Abi and I took a walk on the roads by our home, and as we neared our house again, we could see (and hear!) that Hannah had the little boys playing outside. Their childlike exuberance was something to behold and as I walked around snapping a few pictures of them with my phone, I felt something akin to envy.


Because my whole life, straight through from my childhood, I feel like I’ve been saddled with shame. I didn’t go to church or know God as anything more than some invisible, untouchable presence people entered into when they went to church, which we didn’t do. I was well-loved but I didn’t know the love of a God who could save me from myself.


And so I now carry the scars of a one who needed saving but didn’t know it.


Sometimes I feel the weight of who I once was, and it threatens to smother me. But strangely, I was never rebellious or wild or out-of-control. Someone carrying around such baggage as I do seems as though they would have lived a life filled with drugs or debauchery. I never have. The baggage I carry is more from years of trying to be a Christian without Christ.


It sort of messes with your head, you know? You start to think it’s not real or that your whole experience is a sham.

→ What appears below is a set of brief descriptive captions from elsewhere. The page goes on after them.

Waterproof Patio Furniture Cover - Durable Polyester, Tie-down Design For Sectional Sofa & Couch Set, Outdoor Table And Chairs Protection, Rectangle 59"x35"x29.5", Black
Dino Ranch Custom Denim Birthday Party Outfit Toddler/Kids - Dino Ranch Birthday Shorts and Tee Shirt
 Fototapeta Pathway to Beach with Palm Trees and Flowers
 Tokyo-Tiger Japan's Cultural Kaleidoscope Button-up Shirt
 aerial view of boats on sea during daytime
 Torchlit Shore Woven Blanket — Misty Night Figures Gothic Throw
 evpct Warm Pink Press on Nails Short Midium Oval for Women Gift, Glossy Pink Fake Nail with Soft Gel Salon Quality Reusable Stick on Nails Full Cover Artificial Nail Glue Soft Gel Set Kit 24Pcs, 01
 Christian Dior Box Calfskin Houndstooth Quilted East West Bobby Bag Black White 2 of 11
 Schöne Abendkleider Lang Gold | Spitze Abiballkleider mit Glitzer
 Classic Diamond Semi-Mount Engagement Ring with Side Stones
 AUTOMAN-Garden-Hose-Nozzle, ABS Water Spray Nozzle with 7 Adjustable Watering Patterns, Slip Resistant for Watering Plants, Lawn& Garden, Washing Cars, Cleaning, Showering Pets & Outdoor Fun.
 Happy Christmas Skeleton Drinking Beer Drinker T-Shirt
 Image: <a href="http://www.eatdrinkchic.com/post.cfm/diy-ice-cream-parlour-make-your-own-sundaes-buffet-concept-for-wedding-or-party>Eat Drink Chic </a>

The devil is a master at planting lies and he’s faithful to water them. Because guilt is a message from God that the relationship has gotten off track and a call for you to confess and allow Him to restore. Guilt is a good thing. It leads to repentance.


Shame, on the other hand, is something entirely different and I missed that fact until recently when we were reading through a book on the Sanctuary that a precious friend gifted us. Shame is from the accuser. It’s the message that your sin is too great to be forgiven, even when guilt is prompting you to seek that forgiveness. It’s the counter-attack. It’s the insidiously poisonous thoughts and feelings that work to cast doubt on God’s character of love and mercy.


Guilt and shame are a perfect example of type and anti-type. Because satan has made it his mission to create a counterfeit to every one of God’s truths and we’re all too eager to take the bait.


But if we’re open to the Spirit, and daily bringing ourselves before Him in confession and the plea for His guidance, He will be faithful to reveal to us whether what we’re feeling is from Him or the adversary. But also we can know by this one clear guidepost…


Does what I’m feeling give me hope, or does it leave me feeling hopeless?


A true seeker should never feel hopeless because the One we seek epitomizes hope! He encapsulates it and offers it freely to all who are willing to shed the shame and believe in His sacrifice.


Some things are simply a matter of choosing. And it all boils down to choosing whomwe will serve.